**SOURCE DATA**

....................

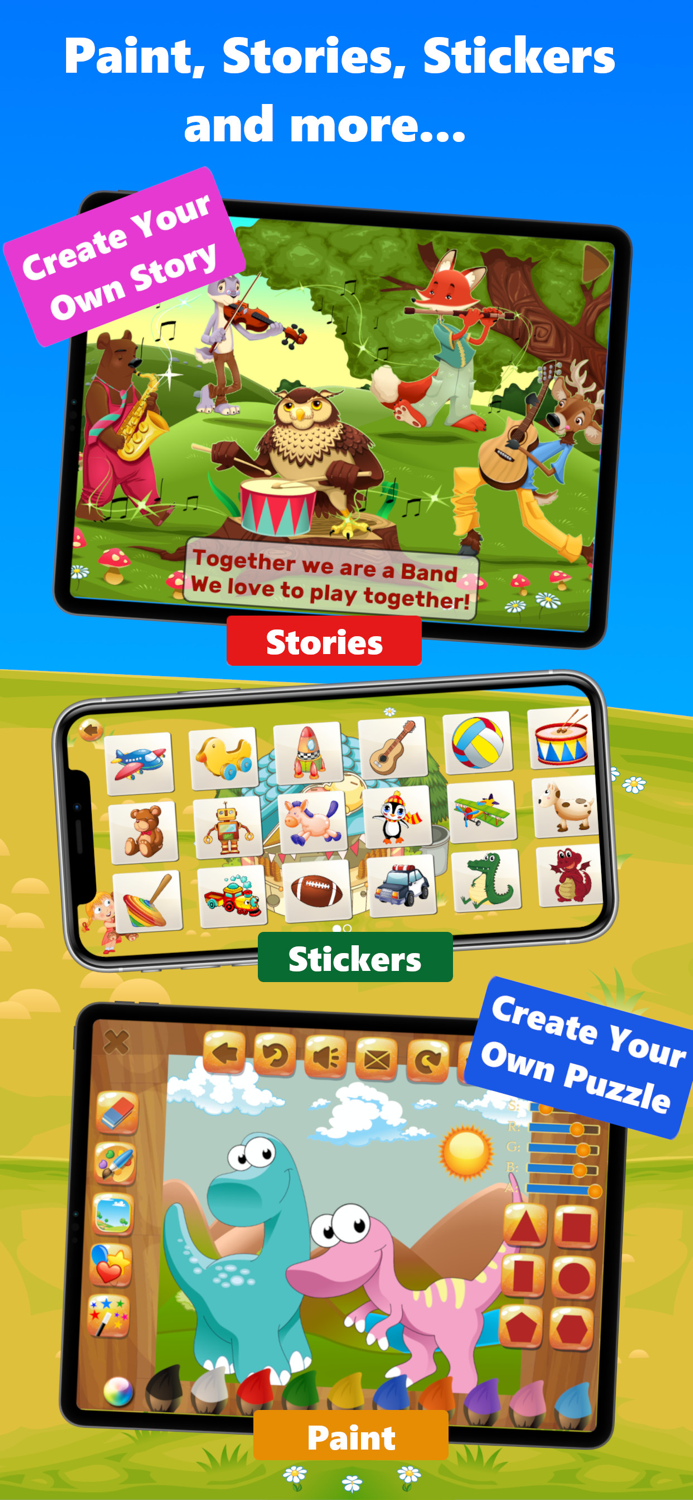 Dino Preschool ABC Math Games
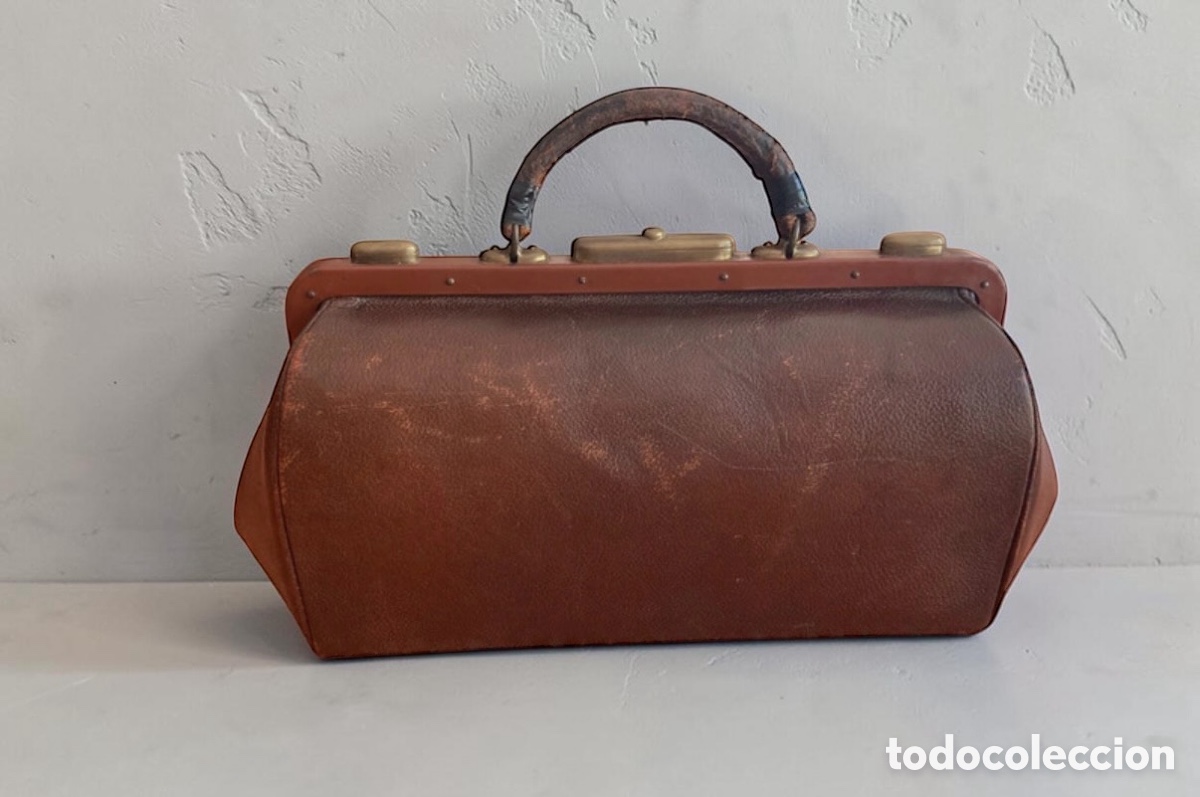 Antig&uuml;edades: Antiguo malet&iacute;n de m&eacute;dico - Foto 2
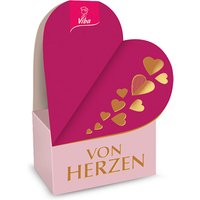 Kleiner Gruß von Herzen, 4 Nougat-Minis in Geschenkbox, 40g von Viba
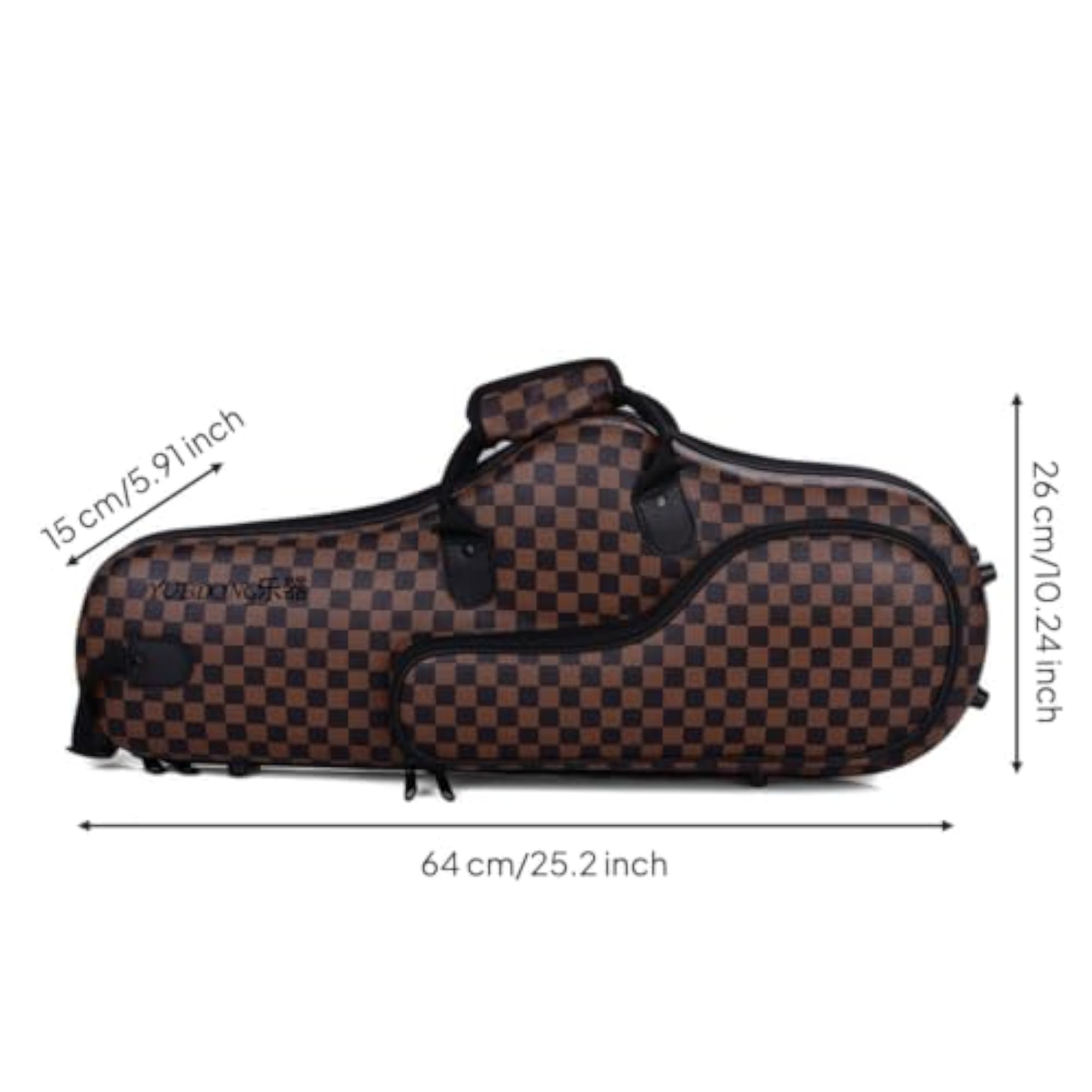 Lightweight Alto Saxophone Case, Contoured Design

....................

**DESCRIPTION OF THE TASK**
Once the pictures are dropped, please print every remaining line of the material verbatim.

**TASK ANSWER**
 Dino Preschool ABC Math Games
 Antig&uuml;edades: Antiguo malet&iacute;n de m&eacute;dico - Foto 2
 Kleiner Gruß von Herzen, 4 Nougat-Minis in Geschenkbox, 40g von Viba
 Lightweight Alto Saxophone Case, Contoured Design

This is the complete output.